Material for this exercise >>

□ □ □ □ □ □ □

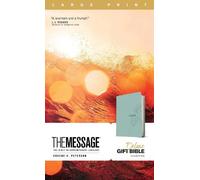 Eugene H. Peter Message Deluxe Gift Bible, Large Print, T (Rilegato in ecopelle)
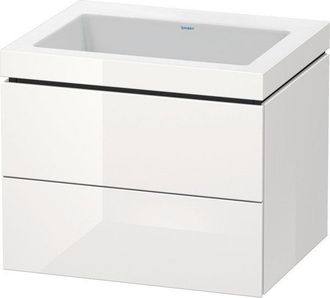 Duravit Duravit L-cube Conjunto Encolado A Pared, 2 Cajones, Sin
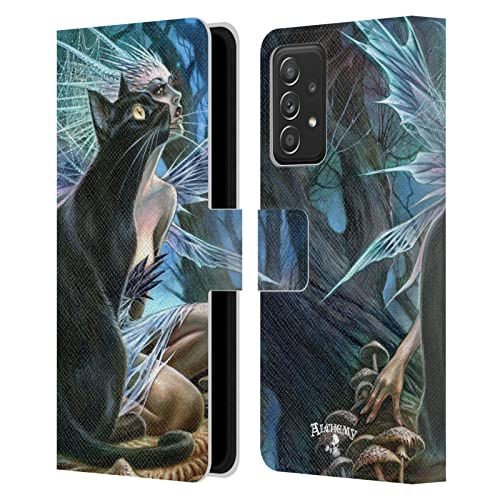 Carcasa de cuero tipo libro compatible con Galaxy A52 5G diseño Alchemy Gothic Hada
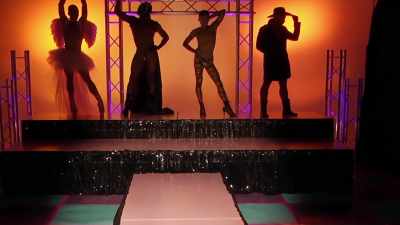 - Lights, cameras,
judges, Jonny, drama. - GoGo for the Gold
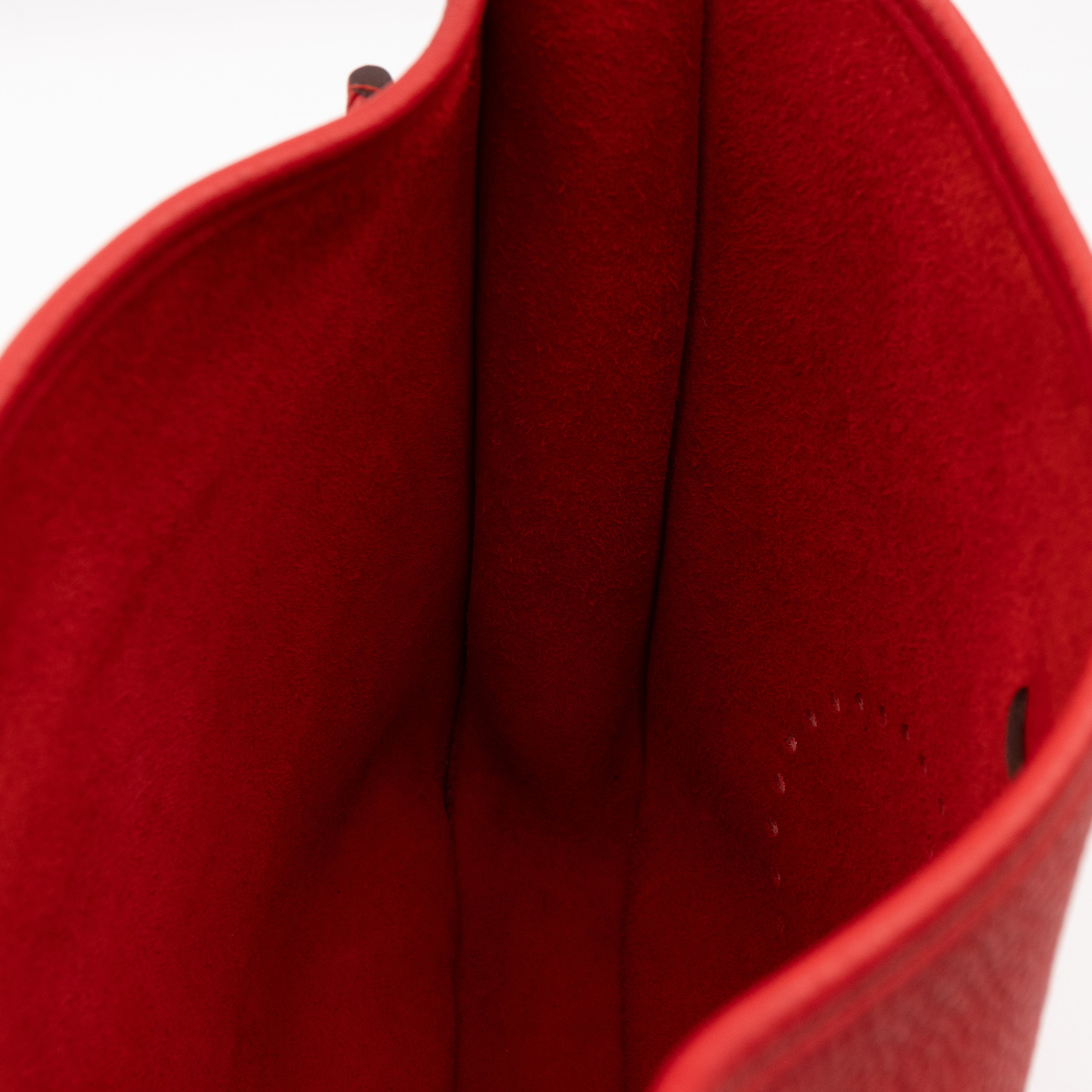 Evelyne III 29 Rouge Tomate Leather Two-Tone Strap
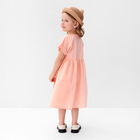 Платье для девочки MINAKU: Cotton Collection цвет светло-розовый, рост 134 7763174 - фото 14043608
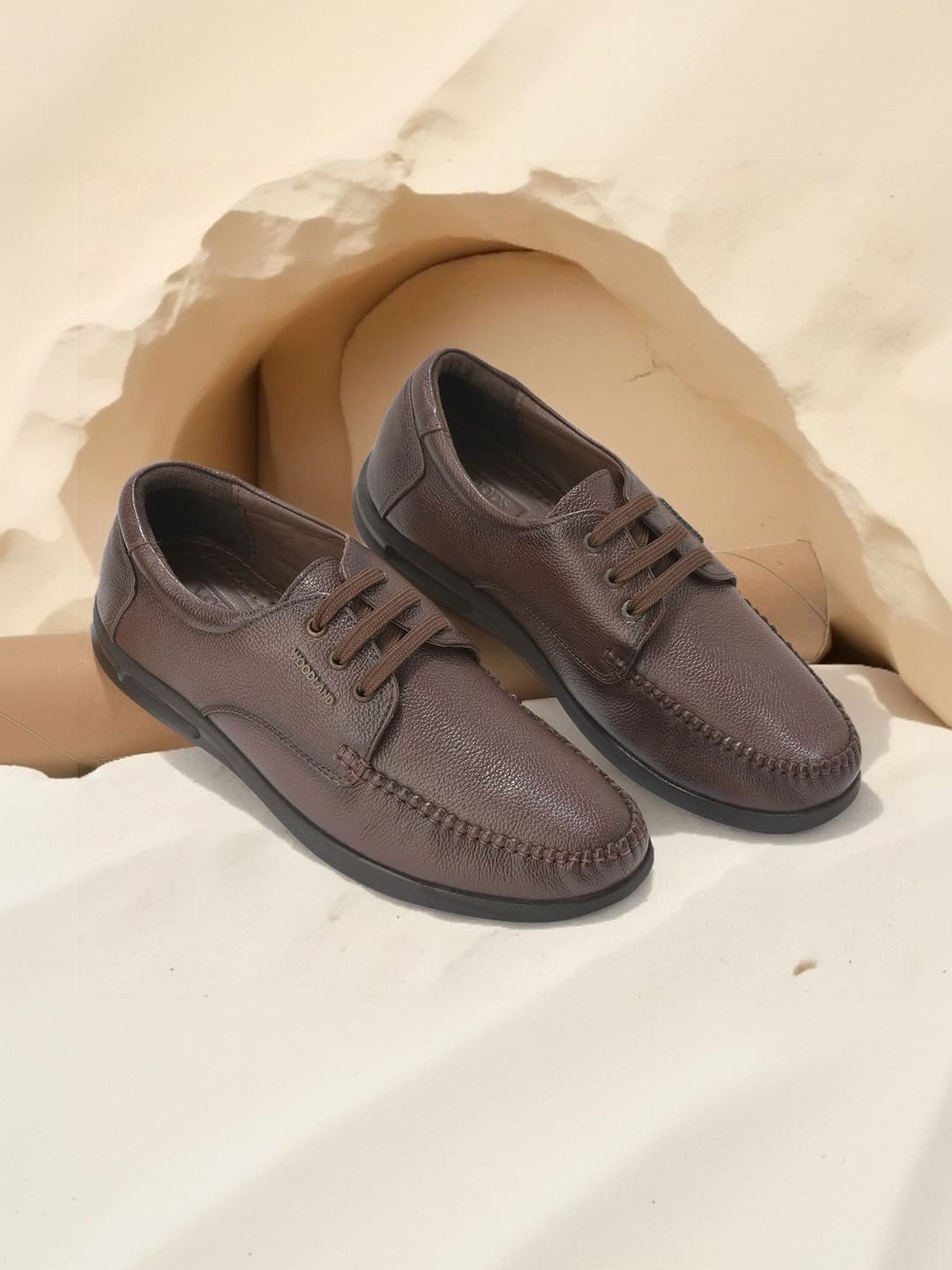 Woodland Men Leather Formal Derbys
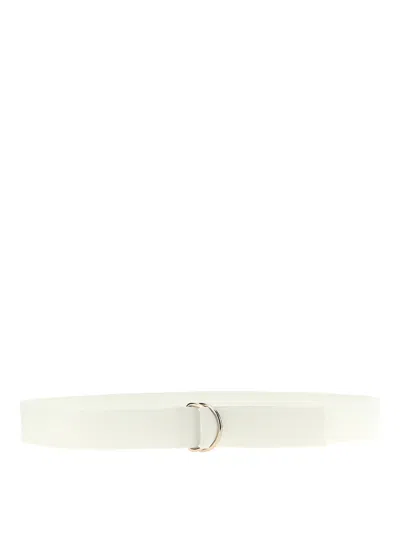 Norma Kamali Mid Belt Belt In White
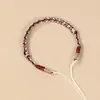 Cuerda trenzada doble, hecha a mano e intrincadamente trenzada, adecuada para sujetar colgantes de oro; cordón trenzado semiacabado para pulseras y brazaletes; un regalo perfecto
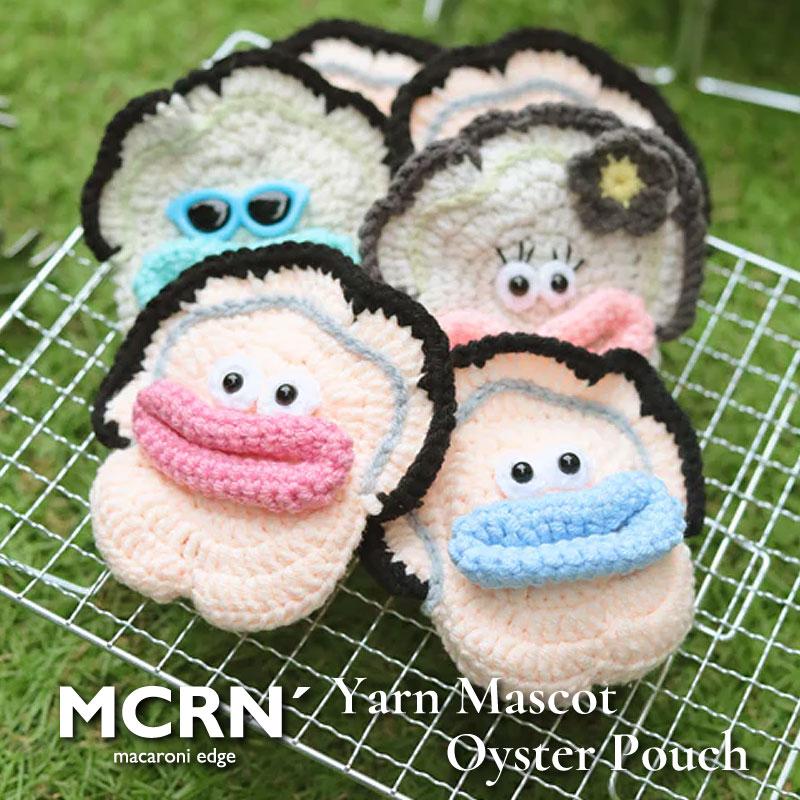 毛糸のマスコット 牡蠣ポーチ マルチケース キーポーチ ミニポーチ 小物入れ ポーチ コインケース 小銭入れ 鍵 ミニ財布 ジップ付き 収納 ハンドメイド |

□ □ □ □ □ □ □

About this exercise >>
Set down, exactly as written above, each line from the one with "Duravit Duravit L-cube" through the one with "Evelyne III 29", and skip the pictures.

Output for this task >>
 Duravit Duravit L-cube Conjunto Encolado A Pared, 2 Cajones, Sin
 Carcasa de cuero tipo libro compatible con Galaxy A52 5G diseño Alchemy Gothic Hada
 - Lights, cameras,
judges, Jonny, drama. - GoGo for the Gold
 Evelyne III 29 Rouge Tomate Leather Two-Tone Strap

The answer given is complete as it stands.